The Senate Judiciary Committee on Thursday said it will hold an oversight hearing on the FBI's "dereliction of duty" following the release of a watchdog report that criticized the bureau for not responding to sexual abuse allegations against USA Gymnastics physician Larry Nassar with the "seriousness and urgency" required.
"The FBI's failure in this case led to more athletes being victimized," committee Chair Dick Durbin, D-Ill., said in a statement, according to The Hill. "This Committee has the responsibility of oversight of the Federal Bureau of Investigation — and will hold a hearing to examine this injustice and to prevent future, similar tragedies."
"The IG report confirms my fears that the FBI dropped the ball, allowing abuses to continue for months," Sen. Chuck Grassley, R-Iowa, the committee's ranking Republican, said in a statement.
"The Judiciary Committee’s upcoming hearing is a continuation of our oversight to get to the bottom of this," Grassley said. "The FBI owes the American people an accounting for its failure to protect these children, and [an] explanation for how it plans to do better in the future."
The watchdog report raises troubling questions about how the department and the FBI handled the case, and it highlights major missteps at the FBI between the time the allegations were first reported and Nassar’s arrest.

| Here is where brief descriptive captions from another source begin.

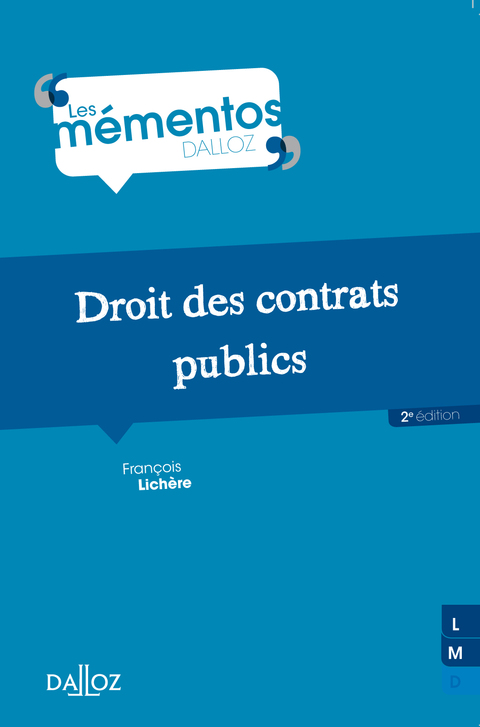 Cover image for book Droit des contrats publics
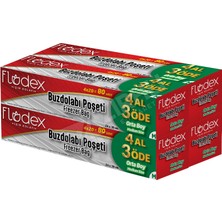 5 Adet Flodex Buzdolabı Poşeti 4 Al 3 Öde Orta Boy (24X38)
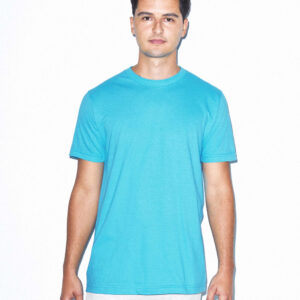 Adult Fine Jersey T-Shirt - Aqua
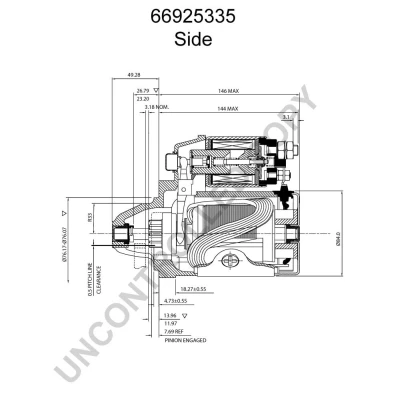 66925335 PRESTOLITE ELECTRIC Стартер (фото 23)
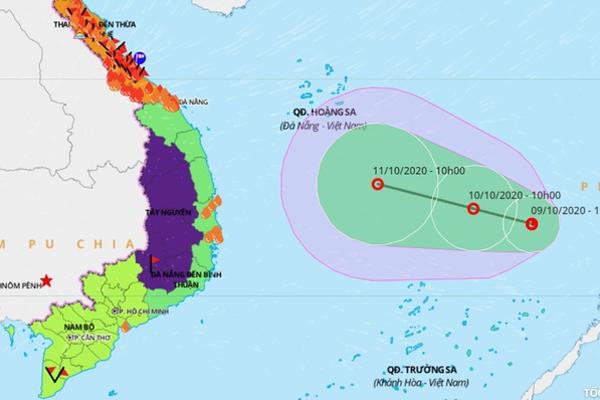 Biển Đông lại xuất hiện vùng áp thấp gây mưa rất lớn-1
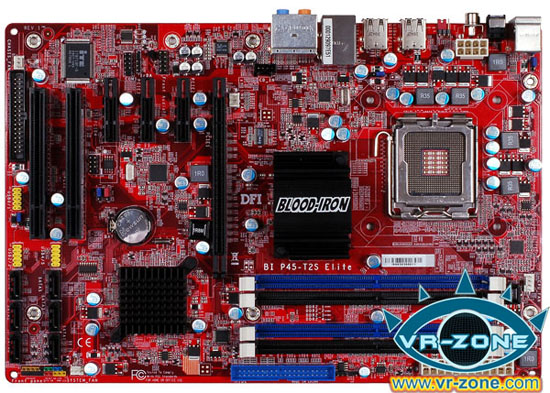 13 dfi bi p45 t2rs elite board 01 - Nova Placa P45 da DFI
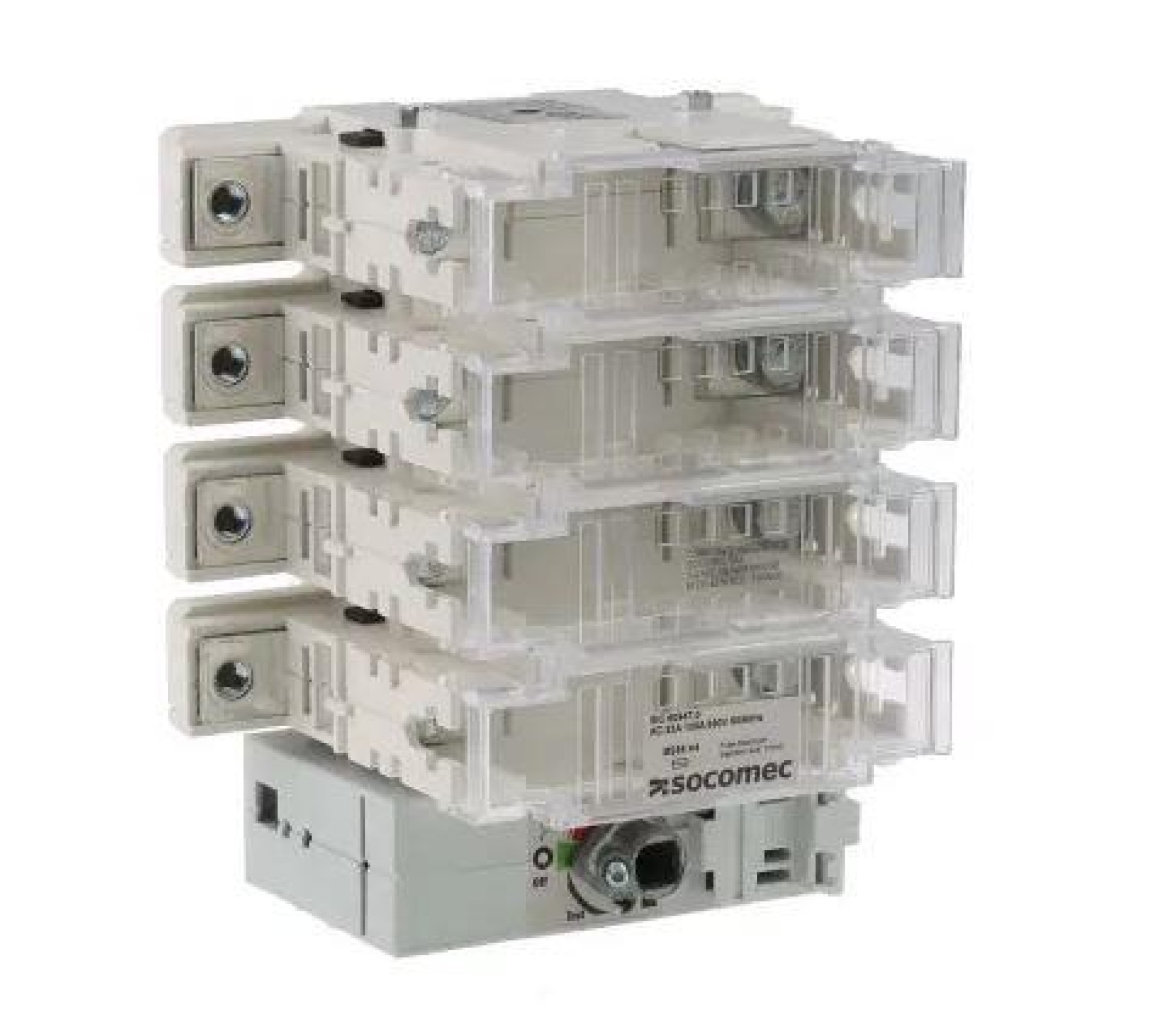 Socomec 38416010 Manually operated Fuse combination switch FUSERBLOC BS88 100A 4P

The inspector general’s investigation was spurred by allegations that the FBI failed to promptly address complaints made in 2015 against Nassar. USA Gymnastics had conducted its own investigation, and the organization's then-president, Stephen Penny, reported the allegations to the FBI's field office in Indianapolis. But it took months before the bureau opened a formal investigation.

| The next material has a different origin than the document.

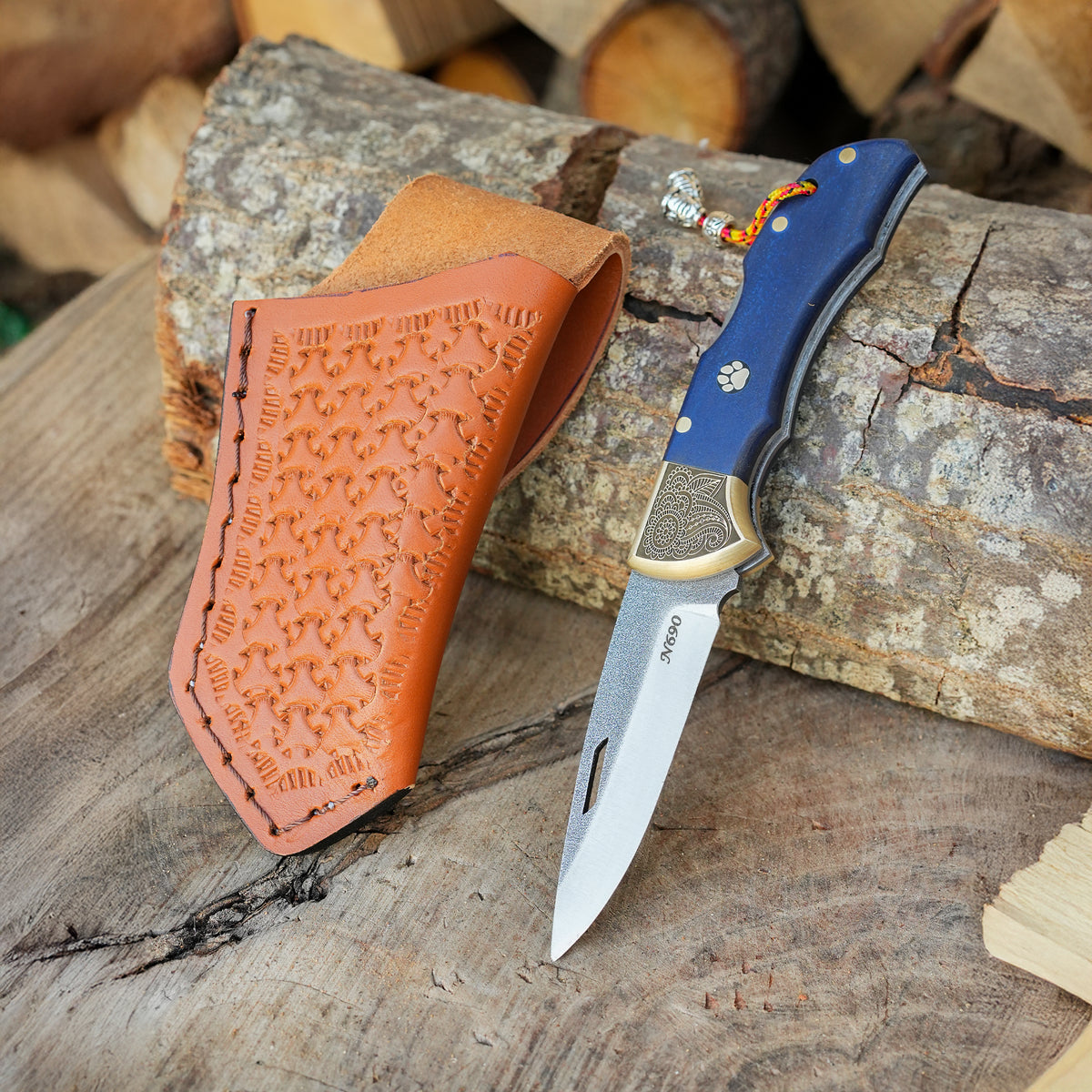 Katlanır Model - N690 Çelik - Mikarta Sap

The FBI acknowledged conduct that was ''inexcusable and a discredit" to America's premier law enforcement agency. More athletes said they were sexually abused before the FBI swung into action.

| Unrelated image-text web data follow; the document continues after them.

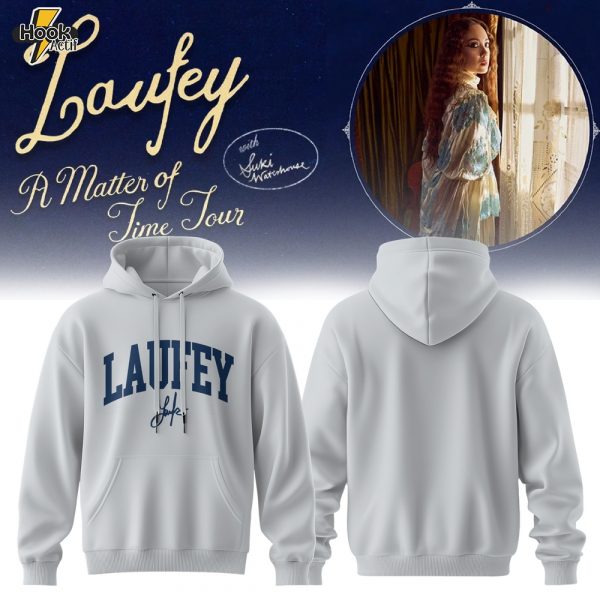 Laufey’s A Matter Of Time Tour Hoodie - White
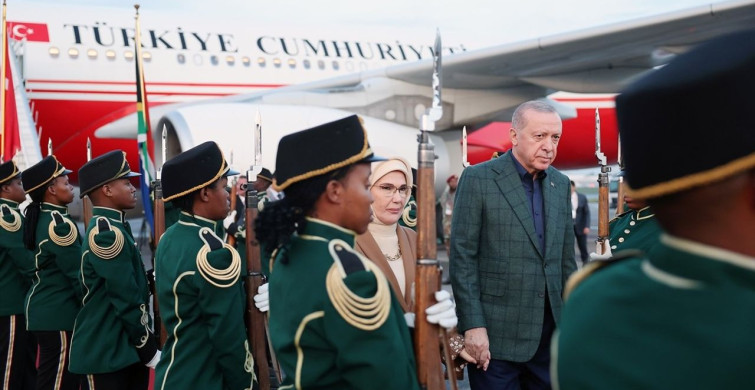Cumhurbaşkanı Erdoğan G20 Zirvesi İçin Güney Afrika'da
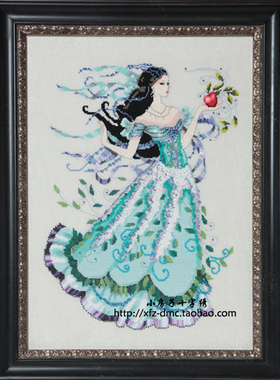 小房子十字绣 正品法国DMC-MD130 Biancabella 珠子 亚麻布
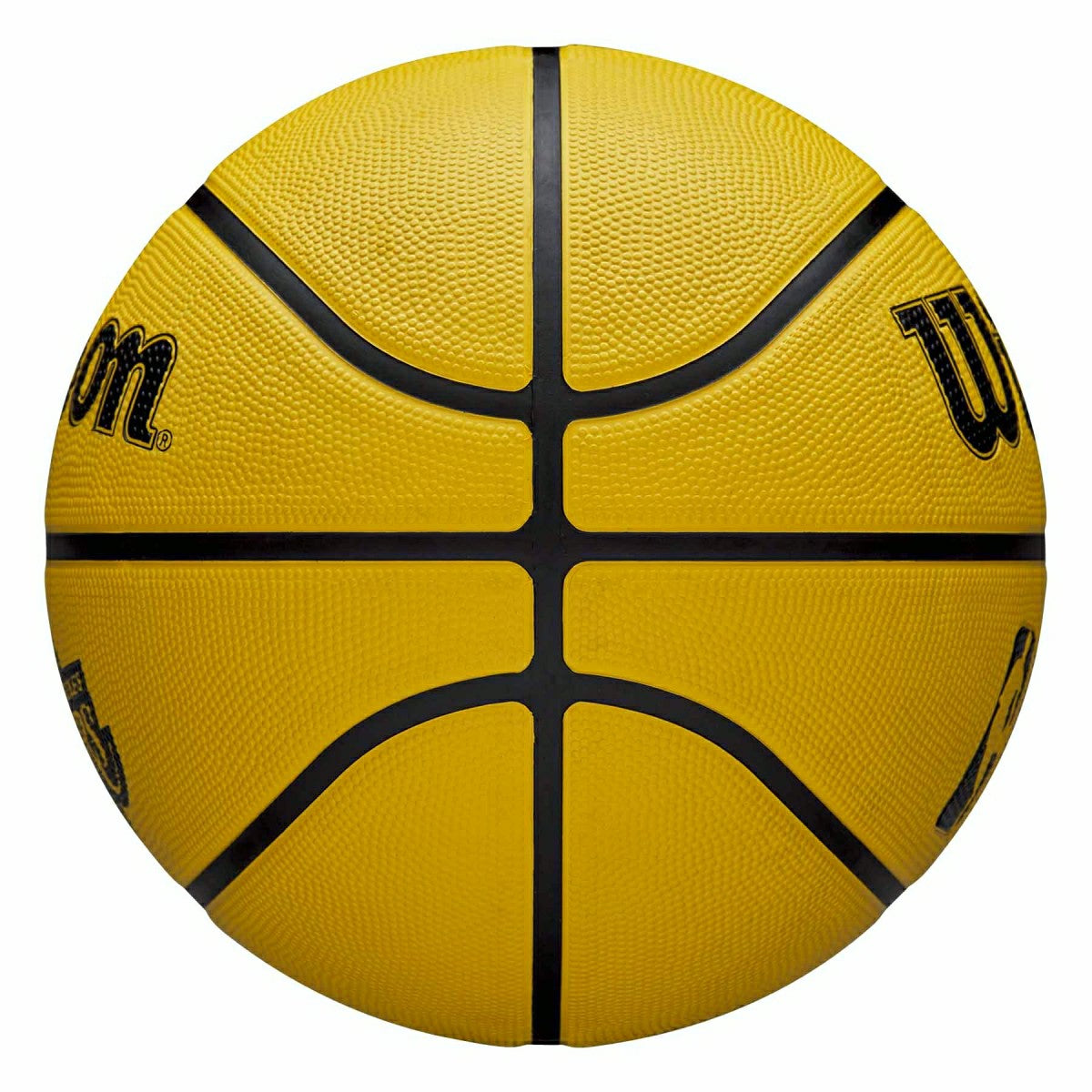 Los Angeles Lakers Solid Wilson NBA Basketball Yellow (Size 5) - Taass Online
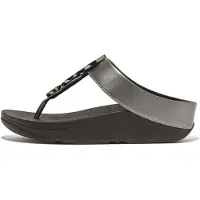 FitFlop Halo Bead-circle Metallic Toe-post Flip Flops Noir EU 36 Femme
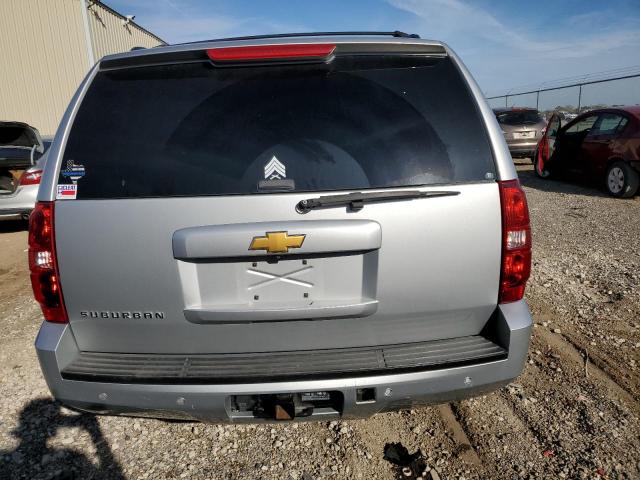 1GNSCJE01ER138848 - 2014 CHEVROLET SUBURBAN C1500 LT SILVER photo 6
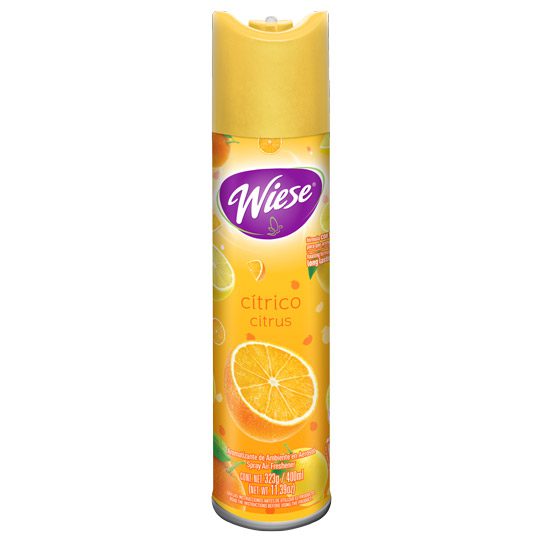 Aerosol Wiese aroma citrico 400 ml Aromatizante aroma citrico de 400 ml / 323 gr. ideal para la oficina, hogar u otro lugar, su práctica valvula permite precisos toques de aerosol para refrescar el ambiente. fórmula con fijador para que aromatice mas - NAEHO24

At least 40 girls and women said they were sexually abused over a 14-month period while the FBI was aware of other, similar allegations involving Nassar. Officials at USA Gymnastics also contacted FBI officials in Los Angeles in May 2016 after eight months of inactivity from agents in Indianapolis.
The inspector general’s office found that "despite the extraordinarily serious nature" of the claims against Nassar, FBI officials in Indianapolis did not respond with the "utmost seriousness and urgency that the allegations deserved and required."
When they did respond, the report said, FBI officials made "numerous and fundamental errors" and also violated bureau policies. Among the missteps was a failure to conduct any investigative activity until more than a month after meeting with USA Gymnastics. Agents interviewed one of three athletes by phone, but never spoke with two other gymnasts despite being told they were available to meet.
The watchdog investigation also found that when the FBI's Indianapolis field office’s handling of the matter came under scrutiny, officials there did not take any responsibility for the missteps and gave incomplete and inaccurate information to internal FBI inquiries to make it appear they had been diligent in their investigation.
Nassar, who was charged with federal pornography and sexual abuse offenses in Michigan in 2016, was sentenced to 40 to 175 years in prison in 2018 after he pleaded guilty to 10 molestation charges.
The Associated Press contributed to this report.